While the final report of the Fairfield Hills Master Plan Review Committee issued earlier this summer stresses the deterioration and safety hazard of buildings at Fairfield Hills as the greatest concern, one recommendation by the committee stands out. Despite ongoing, zealous public opposition to any housing in past and current years, the committee suggested that the master plan “be modified to allow commercial proposals that include a housing component, provided that the proposal is for no more than two existing buildings and that the commercial component is consistent with the vision of the property.”
The committee also recommends the addition of assisted living facilities to supported uses.
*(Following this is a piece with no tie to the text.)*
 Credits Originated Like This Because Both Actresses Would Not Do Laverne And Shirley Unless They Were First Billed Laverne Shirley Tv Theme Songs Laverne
A well-received 2019 survey reflects “Housing was uniformly rejected, with mixed use being the least so at 63 percent total unfavorable.” Though there was also a 62 percent positive response for a “Sense of Urgency to Develop” and recognition of the hazard of continuing to allow buildings to deteriorate, that does not negate rejection of a housing element.
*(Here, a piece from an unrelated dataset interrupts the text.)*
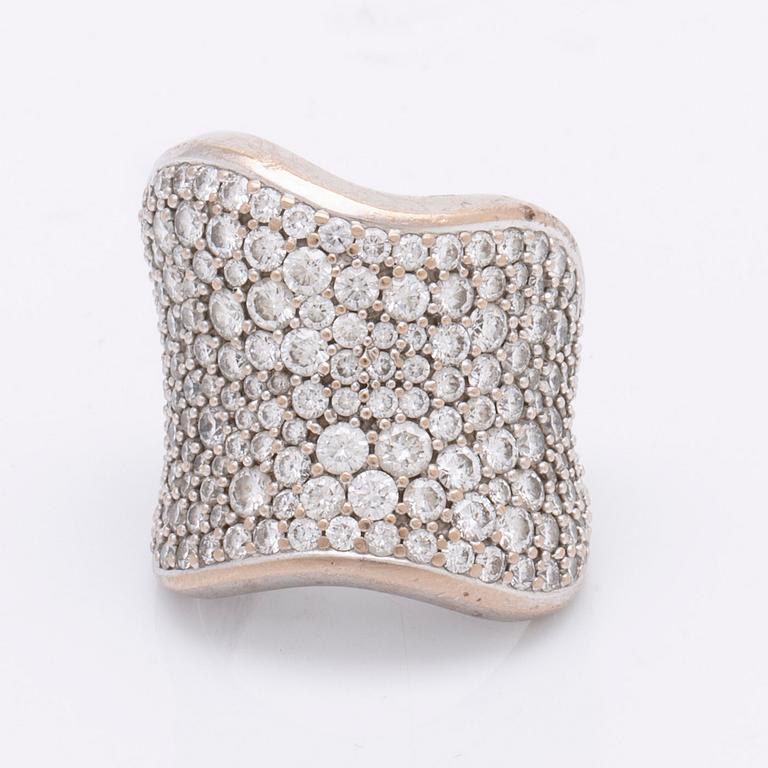 Ole Lynggaard, sormus "Kiss collection", 18K valkokultaa ja timantteja n. 4.00 ct yht.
The report acknowledges that “the survey results showed significant distaste for any housing.”
Juggling pros and cons, the committee indicated that parking could be a concern with a housing component. Housing “could shift commercial development to be more service-oriented to those living on the campus,” and threaten a fragile infrastructure.
Preserving architecturally pleasing aspects of buildings and avoiding cost of razing structures, mixed development to offset costs, and addressing the safety issue evidently were powerful motivators in superseding public input on Fairfield Hills housing. In gathering information, it was noted of a belief that “mixed-use development is necessary for re-purposing the larger buildings because access to financing often requires such diversity in the development.” Developers find a commercial/residential blend less risky. A site overlay plan, to make renovations more attractive to developers, is also suggested.
What is not addressed in these recommendations — and remember, they are only recommendations — is added burden for volunteer ambulance and fire companies when Fairfield Hills rentals and/or assisted living add to a burgeoning population, including apartments on Covered Bridge Road and the new Church Hill Village. There may come a point when volunteer services are overwhelmed, and paid services will be required to protect our population.
Surveys since the town acquisition of the property and a master plan tweaked as years go by profess it is small businesses and a parklike environment people support — no matter that the approach is taken “warily,” housing on the Fairfield Hills campus generates a big “No.”
Our recommendation is that decisionmakers handle this particular recommendation with kid gloves. When those who make the effort to speak up feel they are not heard, we risk losing voices of reason and will find future forums and surveys less productive.
It will take brainstorming, aggressively courting the businesses survey takers/forum attendees say are wanted, and providing lucrative incentives in order to support the vision for the campus that does not include housing, be it condos, apartments, or mixed use.
Hearing voices, in this case, is not a bad thing.